Philippe Halsman
Friday: Hitchcock/Truffaut, an affectionate tribute to the towering figures of cinema.
Cinephiles, prepare to test your mettle. You’ll need almost eight hours of screen time this weekend: 80 minutes for a tribute to the most famous interview in cinema history, and 380 minutes for one of the best films of 2015.
On Friday, UW Cinematheque screens Hitchcock/Truffaut, Kent Jones’ affectionate ode to the legendary book-length interview between master of suspense Alfred Hitchcock and French New Waver François Truffaut (Friday, Jan. 22, 7 p.m.). On Saturday, Cinematheque showcases the only local screening of Portuguese filmmaker Miguel Gomes’ three-part, six-hour epic, Arabian Nights.
The book, now popularly known as Hitchcock/Truffaut, changed how many regarded Hollywood cinema because of the filmmakers’ insightful and practical discussion of how to tell stories visually with style.
I cherish my copy, purchased almost 30 years ago. (The book was published in France in 1983; the English translation came out in 1984.)
Wes Anderson (The Grand Budapest Hotel) describes his worn-out paperback copy as a pile of paper held together by a rubber band. Other filmmakers, mostly American and French males (including Martin Scorsese and Olivier Assayas), talk about how the book changed how they watch and understand movies.
Jones argues that Hitchcock’s films freed Truffaut as an artist, and Truffaut reciprocated by liberating Hitchcock from his reputation as a light entertainer. For those unfamiliar with Hitchcock (particularly younger audiences), Jones provides a vivid introduction to Hitchcock’s films and ample motivation to read Hitchcock/Truffaut.
But to use the old cliché: The book is better. Jones gives short shrift to the relationship between Hitchcock and Truffaut (and the role of collaborator/translator Helen Scott) and relies too heavily on commentary from contemporary filmmakers. I’d rather hear Hitchcock and Truffaut discuss one of Hitchcock’s lesser films than hear James Gray (The Immigrant) or Arnaud Desplechin (A Christmas Tale) discuss his best.
There’s fascinating material here, thanks to access to the original interview recordings, which capture moments, for example, when portrait photographer Philippe Halsman invites Hitchcock to “direct” the book’s publicity photos. Despite veering from his central topic, Jones reminds us just how shocking Psycho was in 1960, and he assembles an engaging discussion of the critical rehabilitation of Vertigo.
I just wanted more Hitchcock and Truffaut.
Saturday: Arabian Nights, one of 2015’s most audacious film projects.
Hitchcock once lamented to Truffaut that he should have experimented more with narrative form. Portuguese filmmaker Miguel Gomes need not worry about such regrets after making Arabian Nights, one of the most ambitious, audacious and satisfying films of 2015 (Saturday, Jan. 23, 1 p.m.).
Gomes appears literally buried up to his neck and seemingly overwhelmed in an early cameo in this wildly ambitious epic that explores the socioeconomic realities of austerity-stricken Portugal.
For Gomes, storytelling is an urgent matter, just as it was for Scheherazade in the original One Thousand and One Nights.

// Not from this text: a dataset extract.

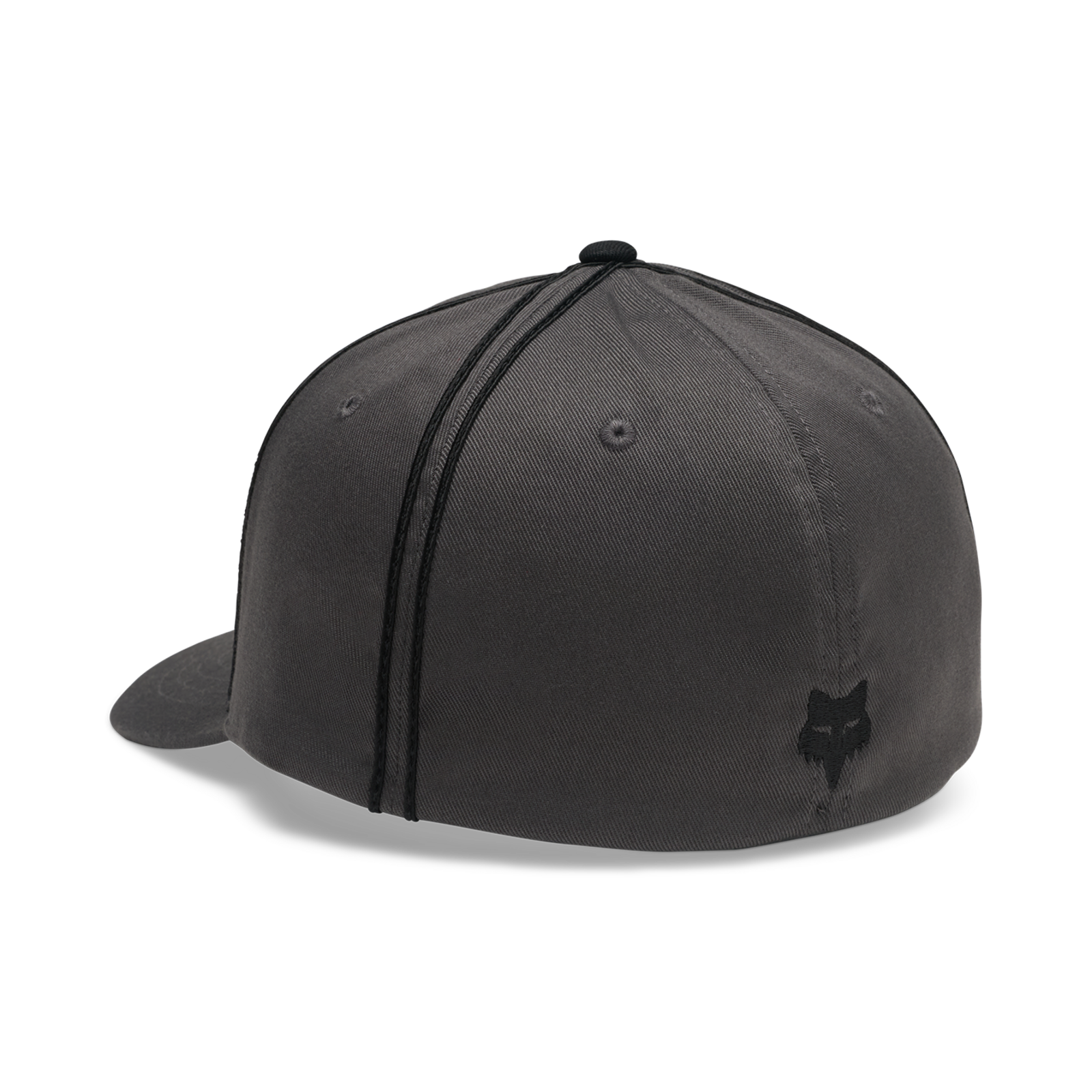 Fox Racing Bend Flexfit in GRAU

She needed to tell stories compelling enough to keep her alive. If the tales of contemporary Portugal are not told, Gomes suggests with Arabian Nights, the Portuguese people might lose what little agency they have left since the economic crisis of 2008.
Gomes tells these stories — some somber, some absurd — with an urgency akin to U.S. writers during the Great Depression. Opening titles explain that stories were collected when “the country was held hostage to a program of economic austerity executed by a government apparently devoid of social justice.” These stories transform through shifting narrative modes — fiction, nonfiction and hybrids — providing many cinematic delights.
Arabian Nights is never simply a political tract. It borrows from bawdy folk tales, the theater of the absurd, neo-realism and cinema-verite. Volume One, The Restless One has relatively abrupt shifts, but afterward, Gomes allows the stories time to breathe.
Although presented as three films (Volume Two, The Desolate One was Portugal’s entry for the Academy Awards), I put myself at a disadvantage watching them separately. The delay, for example, diluted a beautiful visual rhyme between the end of The Desolate One and the beginning of Volume Three, The Enchanted One.
When Scheherazade belts out “Perfidia” on a mountaintop in The Enchanted One, you realize that almost anything Gomes tries here will mesmerize you.
Gomes dedicates Arabian Nights to his young daughter, hoping she’ll watch the film when she’s old enough and will “derive from it what she well pleases.” I came away with the same feeling I had reading Hitchcock/Truffaut 30 years ago: excitement for what the cinema can be.